The most obvious model of effective teaching is you! In university-based sessions you can demonstrate, and help trainees to analyse, quality practice. Your university-based training sessions can therefore have a double agenda: (i) The particular dimension of history teaching under scrutiny (ii) The teaching strategies and skills you use to help your trainees learn. At the beginning of the PGCE course you will may wish to make your classroom management skills explicit by building in time for reflection and discussion: “Now let’s stop and think about how I made my instructions for that task clear”, “What particular strategies did I use to structure the feedback session?” “At the beginning of the session, how did I check that you’d all done the preliminary reading?” “How did I ‘avoid a void’ before we watched the video?” You will need to think hard about the dimensions of teaching which you can model in this way at the beginning of the course.

Trainees not only build their understanding of pedagogy by analysing the teaching of their tutor, but also through contact with varied and diverse practice. As your PGCE partnership develops, you might arrange for small groups of trainees to visit partnership schools in order to observe expert teachers in the classroom. You will also be able to capture the teaching of your expert mentors on video, using this material to help trainees analyse the strategies teachers deploy to secure effective learning. In the meantime, a readily available source of videoed history lessons is provided by the Key Stage 3 Strategy training materials. These resources vary in quality, but can provide a useful starting point for engaging trainees critically with different dimensions of teaching.

Activity 9.1.1 Observation and analysis of expert teachers

These videos are just part of the training support offered through the National Strategy for Key Stage 3. Whilst the Strategy is likely to provide the national context in which trainees teach for some years to come, it is part of your role to help trainees evaluate it critically.
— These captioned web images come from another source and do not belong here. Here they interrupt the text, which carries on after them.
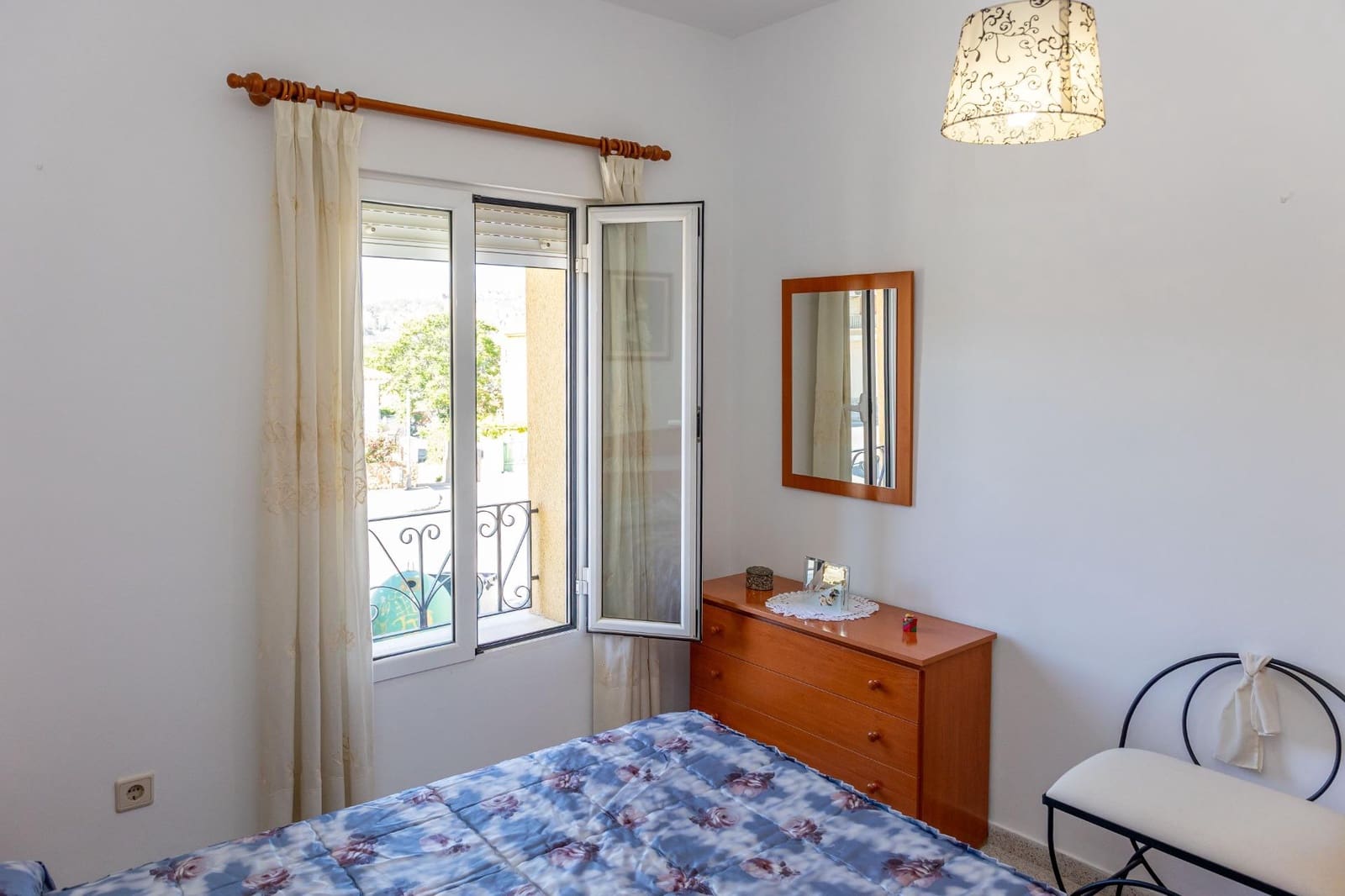 5 slaapkamer Huis te koop in Purullena met garage - € 210.000 (Ref: 9876482)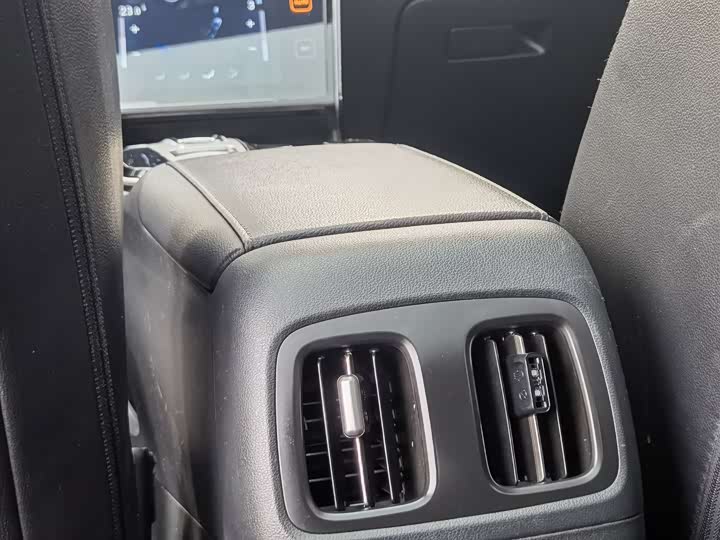 Фото 21 - Hyundai Tucson L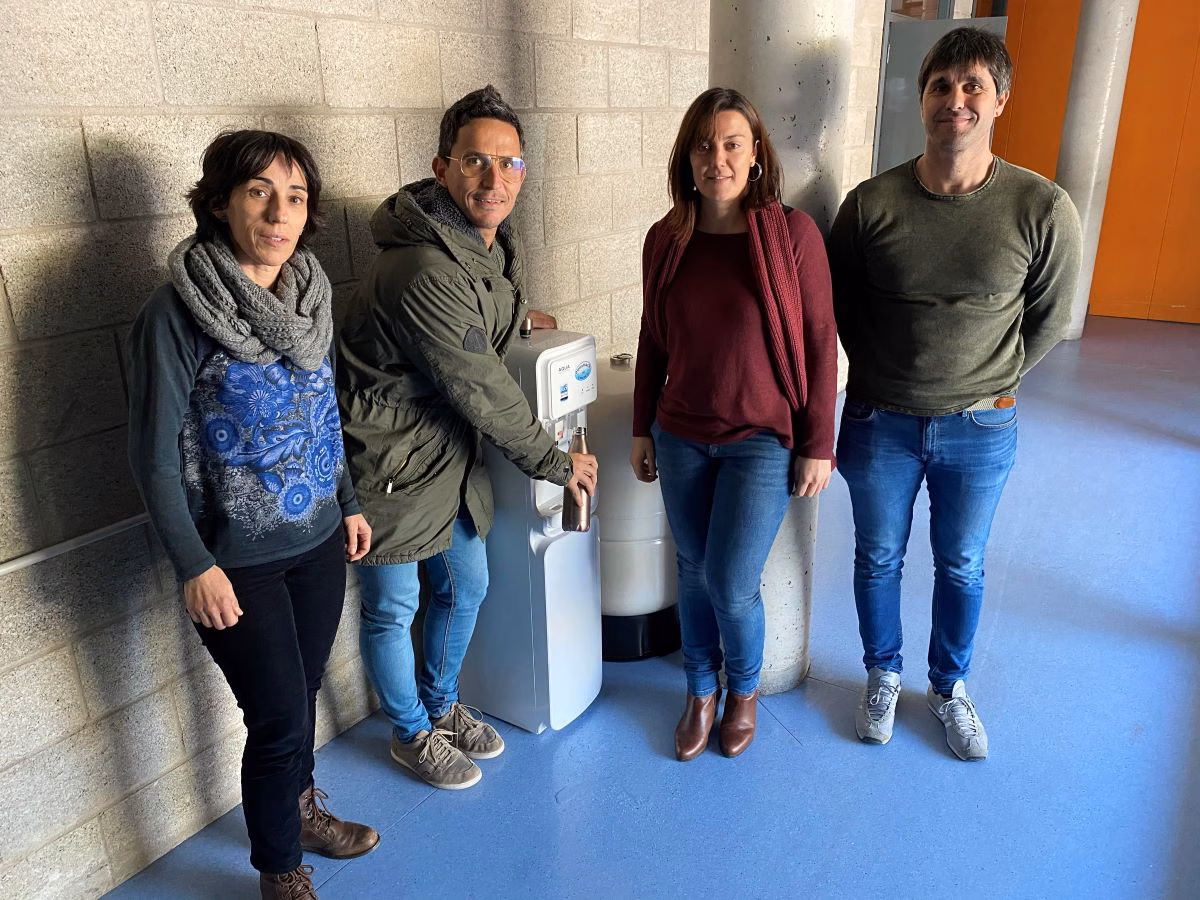 60 fuentes de ósmosis en los centros deportivos para evitar el uso de plástico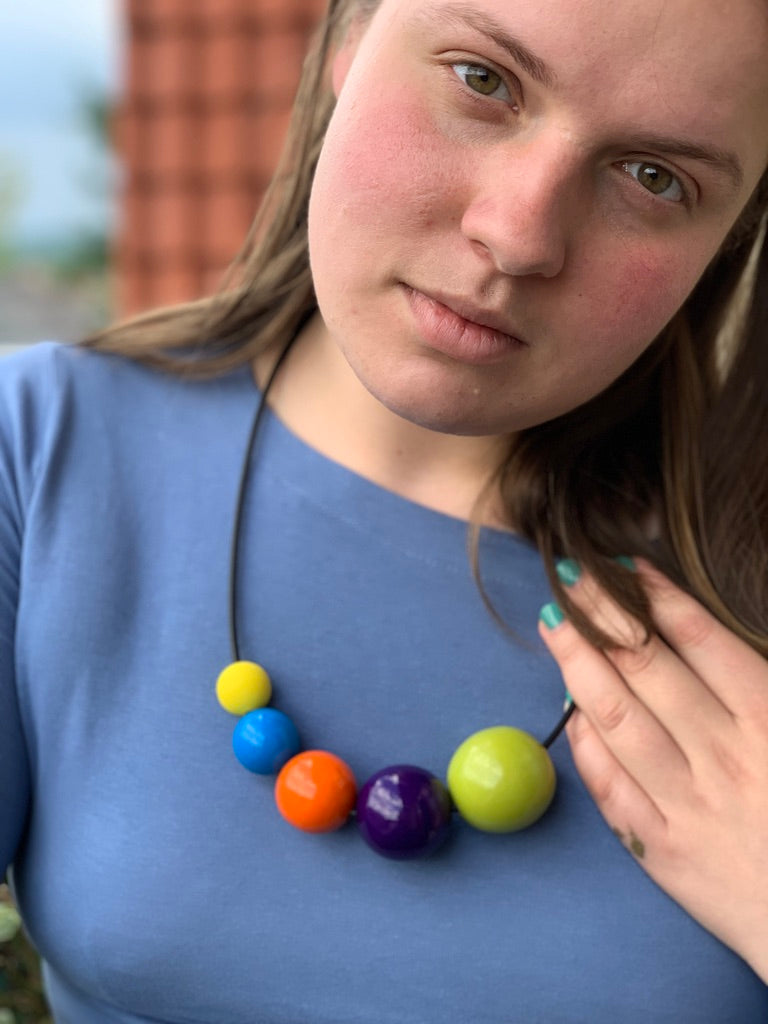 Collana in legno con colori arcobaleno
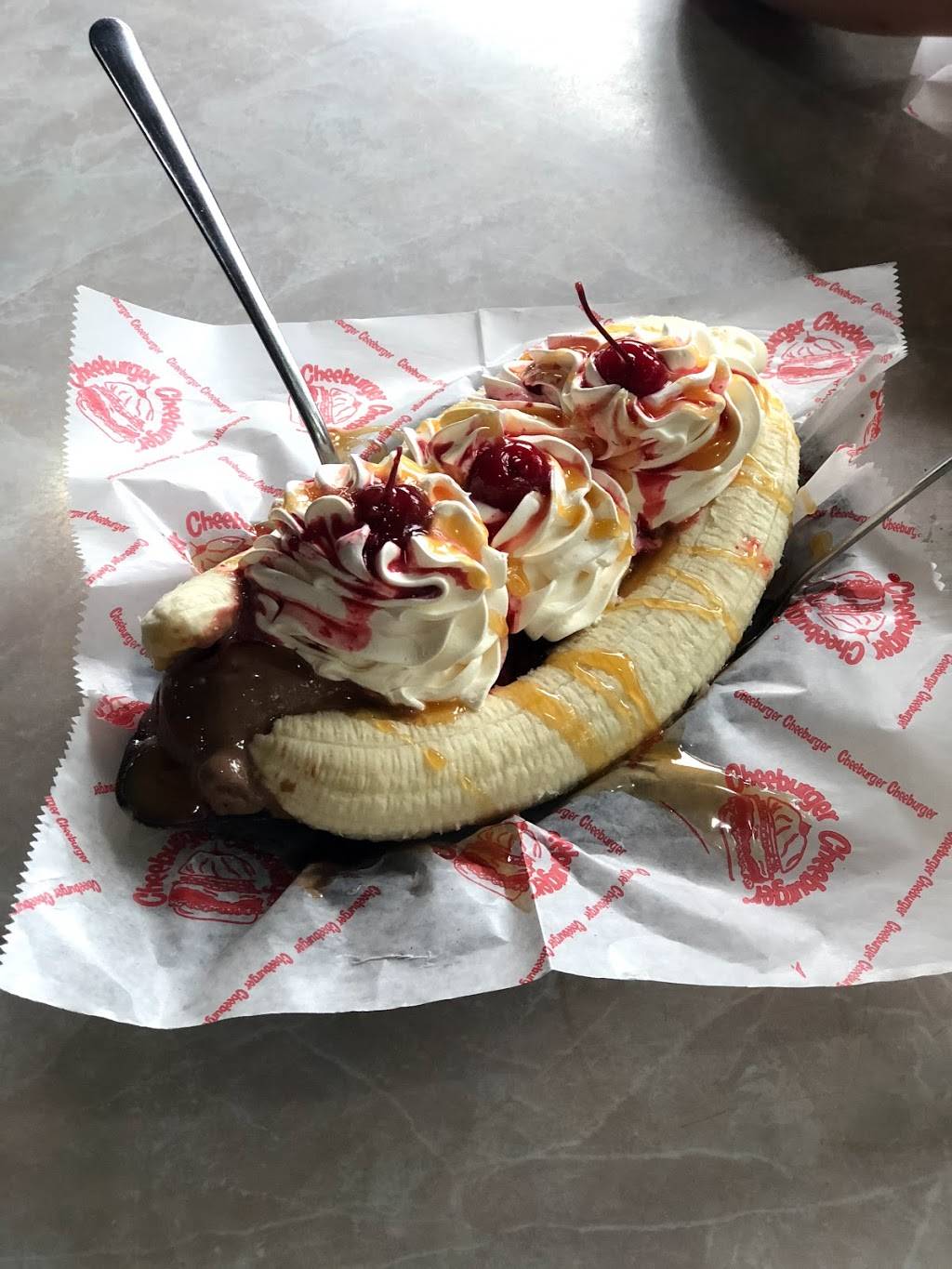 Cheeburger Cheeburger | restaurant | 1975 Periwinkle Way #4112, Sanibel, FL 33957, USA | 2394726111 OR +1 239-472-6111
It is non-statutory in schools and it is generic rather than subject specific, therefore trainees need to be encouraged to trust in their own judgments when analyzing what is commended as good practice. You will need to consider the principles of the Strategy and the training support materials and decide how high a profile you want to give these in your own history training course.

Activity 9.1.2 – How far will you relate your training course to the National Strategy for Key Stage 3?

Probably the most powerful opportunity for analysis of and reflection on teaching and learning at the beginning of the PGCE is provided by discussion of the trainees’ own teaching. Most trainees are keen to have a go at whole-class teaching early in their training. A carefully-constructed programme of whole-class teaching gives trainees confidence and enables them to engage more directly with pedagogical issues. You will need to give a lot of thought to the context for trainees’ early teaching experiences.

  • Exactly when in the PGCE will trainees begin to teach whole classes of pupils?
  • How will this build on focused observation and micro-teaching?
  • How will mentors and trainees work together in planning the teaching?
  • What will be the focus of trainees’ teaching?
  • Which teaching episodes will trainees begin with?
  • How will trainees and mentors evaluate the teaching?
  • How will trainees share their early teaching experiences with each other?
  • How will these experiences link to university-based sessions?